BEGIN

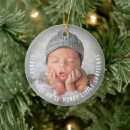 Search for little girl ornaments Baby's first christmas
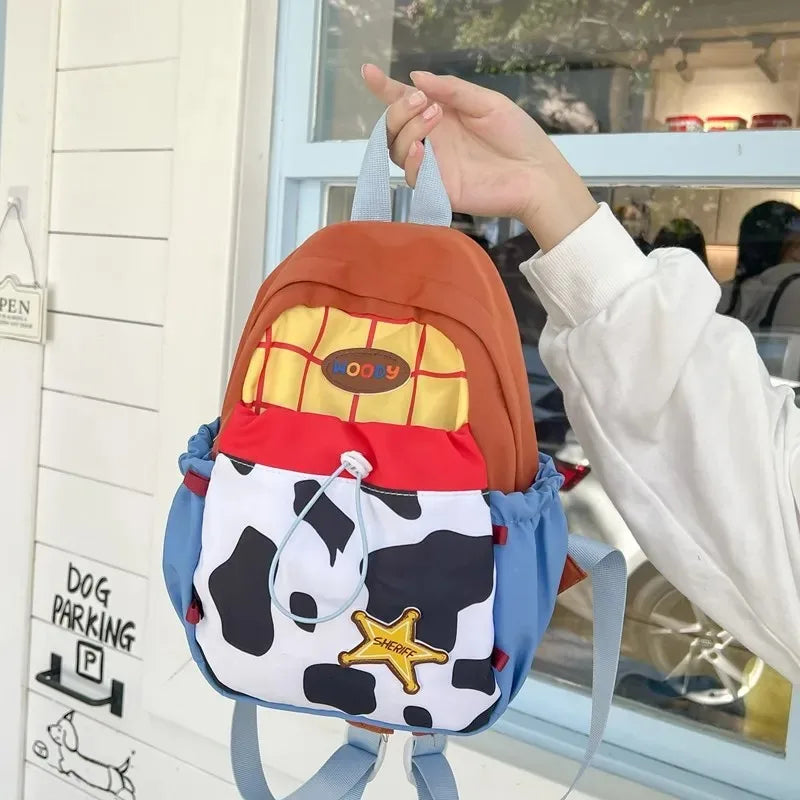 New Multiple Styles and High Quality Children Backpack Waterproof Kindergarten School Bag Lightweight Travel Backpack Girls Boys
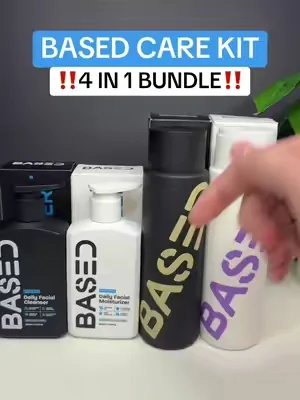 You hair and skin will thank you #basedcompletecarekit 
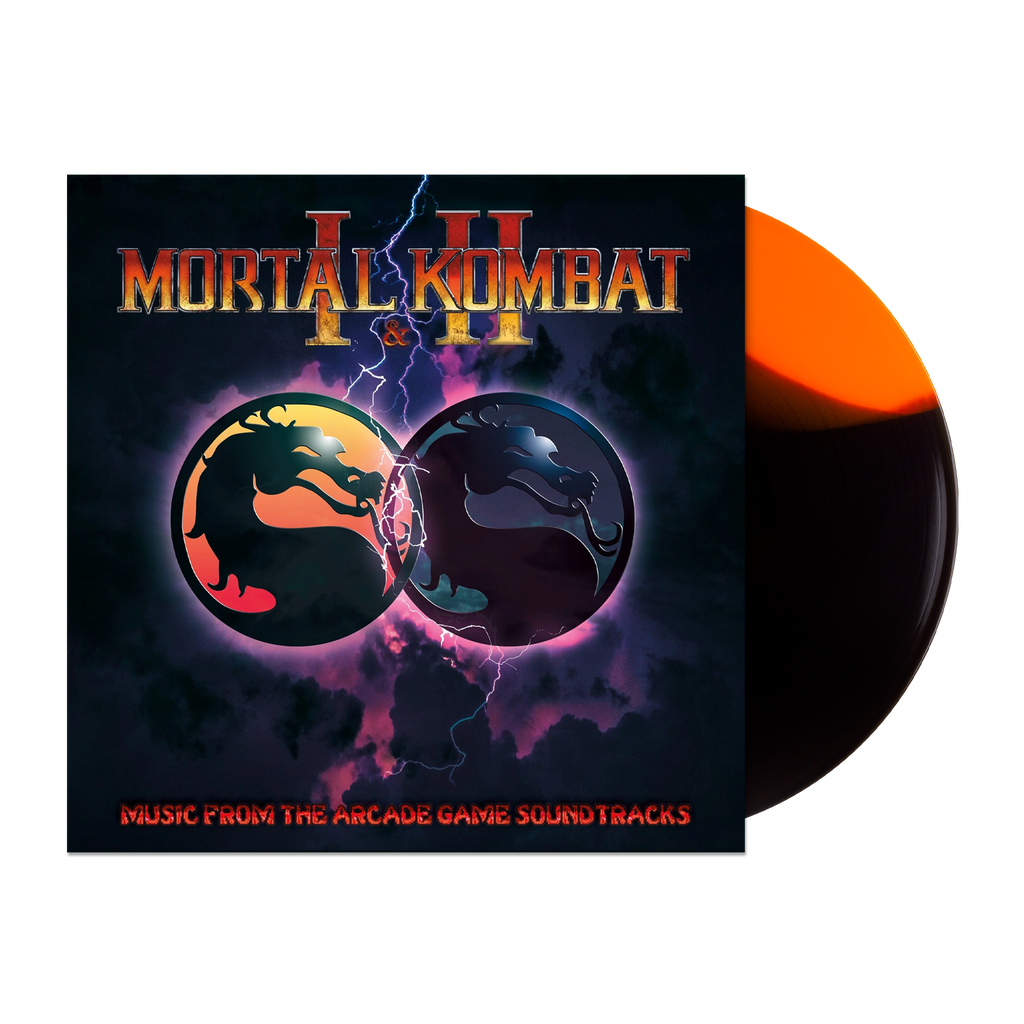 Mortal Kombat I and II - Music From The Arcade Game Soundtracks Mortal Kombat I and II - Music From The Arcade Game Soundtracks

END

Task: Leave out the pictures and copy the rest of the material above exactly.

Result for this task:
 Search for little girl ornaments Baby's first christmas
 New Multiple Styles and High Quality Children Backpack Waterproof Kindergarten School Bag Lightweight Travel Backpack Girls Boys
 You hair and skin will thank you #basedcompletecarekit 
 Mortal Kombat I and II - Music From The Arcade Game Soundtracks Mortal Kombat I and II - Music From The Arcade Game Soundtracks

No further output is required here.